Si los tesoros que tiene la comunidad hispanoamericana se pudieran meter también en esas cajas selladas como las bocas de los confesores, habría que poner ahí en primer lugar la lengua propiamente dicha. La hablan en todo el mundo más de 500 millones de personas; a juzgar por las cifras de libros publicados y de los que se querrían publicar hay casi tantos hablantes del español como escritores de esta lengua. Lo bueno del español es, en todo caso, su efecto llamada, la capacidad de atracción que sostiene su prestigio en el mundo como idioma de intercambio. No llegamos a niveles del inglés, que nos gana en las audacias del comercio, pero Cervantes le sigue a Shakespeare los pasos. Esa riqueza del español es doble, pues: sirve para los que ya lo hablan, y atrae a los que quieren hablar el idioma en que se escribieron La Celestina y Cien años de soledad. El Instituto y las Academias han sido fundamentales en ese esplendor, porque ambas instituciones irradian en el mundo las dos varas de medir el idioma: una lo difunde entre los extranjeros de los países donde está radicado, mientras que la asociación que junta a las academias del español han conseguido milagros a la hora de hacer panhispánico lo que decimos en cada uno de los acentos.

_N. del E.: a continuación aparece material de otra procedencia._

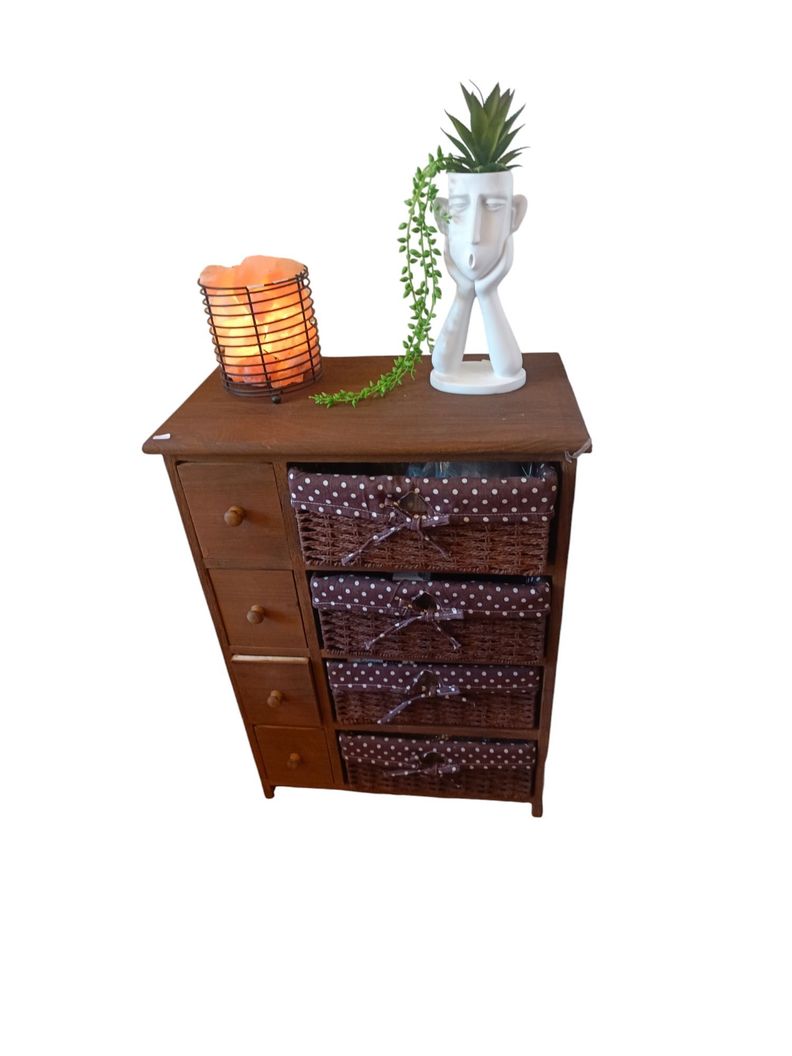 MUEBLE ORGANIZADOR CAFE EN MADERA CON CANASTOS LUNARES-2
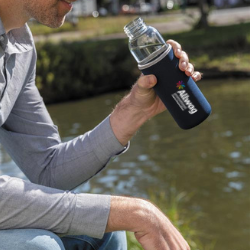 Branded glass reusable bottle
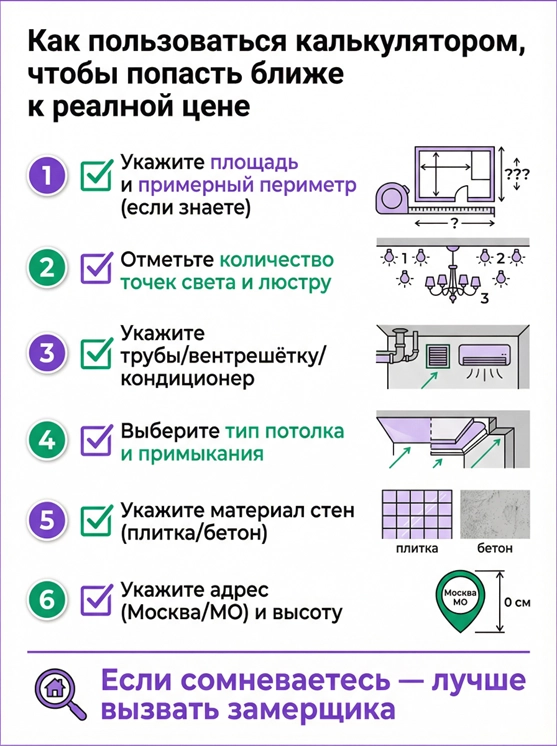 Как пользоваться калькулятором, чтобы попасть ближе к реальной цене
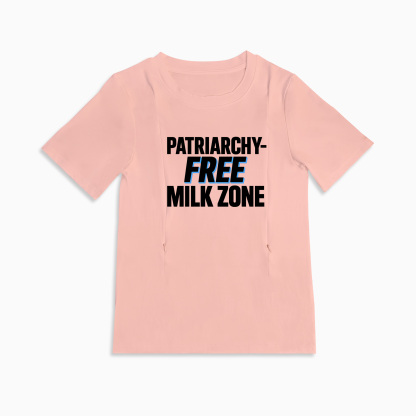 Soft Cotton Nursing Tee | Patriarchy-Free Milk Zone | Discreet Zipper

Las dos apoyaturas del idioma lo han levantado a pulso para hacerle merecedor de la dignidad que hoy tiene el idioma como tesoro de los hispanos de todo el mundo, desde Puerto Rico a Tierra del Fuego, pasando por las islas Canarias y por Cuba. Esa potencia permite que ahora el Instituto Cervantes, la Universidad de Salamanca y la Universidad Nacional Autónoma de México (UNAM) (con el apoyo de Telefónica) lancen juntos una idea para unificar el acceso al español de los cientos de miles de extranjeros que lo quieren hablar como Dios (y las Academias, las universidades y la calle) mandan. Es el primer gran examen universal en español (el SIELE), que será como el TOEFL, el test que evalúa el inglés estadounidense como lengua extranjera. Será, dicen, “una prueba ágil y asequible”, a la que, según dijo el director del Cervantes, Víctor García de la Concha (y corroboró el ministro Margallo), “hemos llegado tarde”.
El refranero viene al amparo de la tardanza: nunca es tarde si la dicha es buena. Ese SIELE es una buena puerta para entrar en este idioma que es ancho y también ajeno. Y cuanto más ajeno, o más hablado, más abierto y sensible será. Es un tesoro, como los que el Cervantes guarda en sus cajas secretas.